Edição Nº: 5334 - Quarta-Feira, 20 de Janeiro de 2016.
 
Combate à Dengue é responsabilidade do poder público e da população

A cada ano, são renovadas as campanhas com o objetivo de evitar a proliferação do mosquito Aedes aegypti, transmissor dos vírus da dengue, chikungunya e zika. A bióloga e membro da Associação Brasileira de Engenharia Sanitária e Ambiental Seção RS (Abes-RS), Maria Mercedes Bendati, afirma que a prevenção é tanto responsabilidade do poder público quanto dos cidadãos.
Segundo Mercedes, são várias condições que contribuem para a proliferação dos mosquitos nos ambientes urbanos. O primeiro aspecto diz respeito à infraestrutura, como a insuficiência ou intermitência de abastecimento de água, que obriga as pessoas a manterem reservatórios, muitos com vedação inadequada; a ausência de coleta de resíduos sólidos e a sua disposição incorreta; e, a drenagem pluvial, que muitas vezes é insuficiente e faz com que águas fiquem acumuladas próximo às bocas de lobo, por exemplo.
“A questão cultural está ligada ao uso intenso de produtos e embalagens descartáveis, que geram resíduos e que devem ser dispostos de forma adequada pelo morador. Ele também deve manter o cuidado na sua própria casa, revisando o local semanalmente. Muitas vezes a população fica esperando que alguém vá cuidar do seu potinho com água e isto não é um modelo sustentável de prevenção”, afirma Mercedes.
Apesar da permanente campanha, a bióloga informa que nem toda a população de mosquitos Aedes aegypti está infectada com o vírus da dengue. O mosquito só é contaminado quando alguma pessoa doente é picada pelo vetor, que então passa a transmitir o vírus. Só há a confirmação quando algum cidadão apresenta os sintomas da doença. No entanto, é preciso ter ações permanentes de vigilância do mosquito para acompanhar a situação de transmissão de vírus.

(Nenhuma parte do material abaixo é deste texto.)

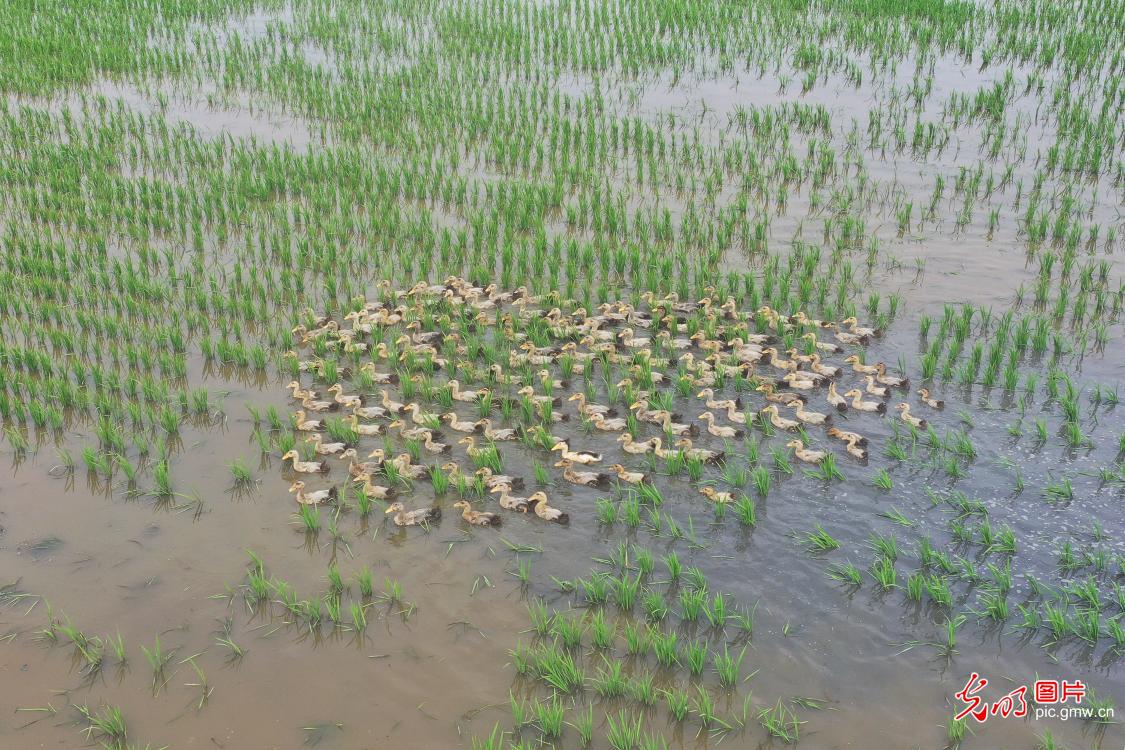 Rice-duck farming to improve farm viability in SE China's Jiangsu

“É necessário que ter nossas próprias medidas para prevenir o mosquito, como não deixar o pratinho com água parada em baixo das plantas, cuidar de calhas, ralos, pneus e descartar de forma correta os itens recicláveis. Ao poder público, cabe manter as mesmas atitudes nas áreas públicas e nos prédios sob sua responsabilidade, além de promover as soluções de infraestrutura para as demandas citadas anteriormente e acompanhar a situação epidemiológica”, informa a bióloga.

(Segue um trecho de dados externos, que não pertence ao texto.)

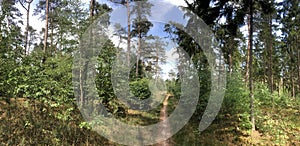 MTB route and forest panorama around Ommen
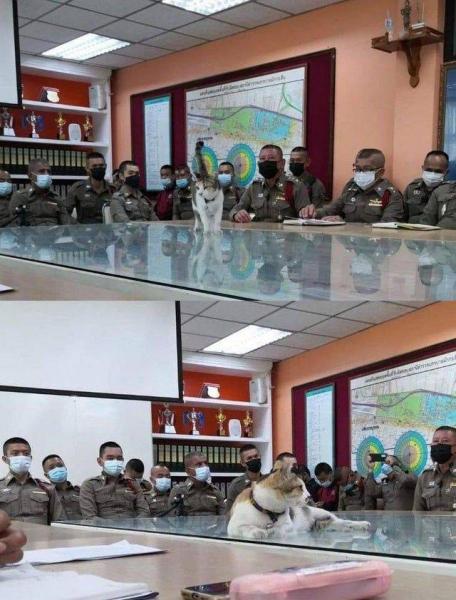     OBRÁZKY pro dnešní den 3765. díl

De acordo com o Informativo Epidemiológico da Secretaria Estadual de Saúde, divulgada no início deste ano, em 2015, 4.065 casos suspeitos de Dengue foram registrados. Entre eles, 1.277 foram confirmados, sendo 233 importados e 1.044 contraídos no Rio Grande do Sul, e desses 17 em Porto Alegre. Mercedes comenta que, comparado ao demais estados do Brasil, os registros da doença no RS são restritos geralmente ao primeiro semestre, mas a situação de presença do mosquito, as condições ambientais (chuvas e calor), assim como a mobilidade de pessoas, indicam sempre um risco de transmissão dessas doenças no Estado.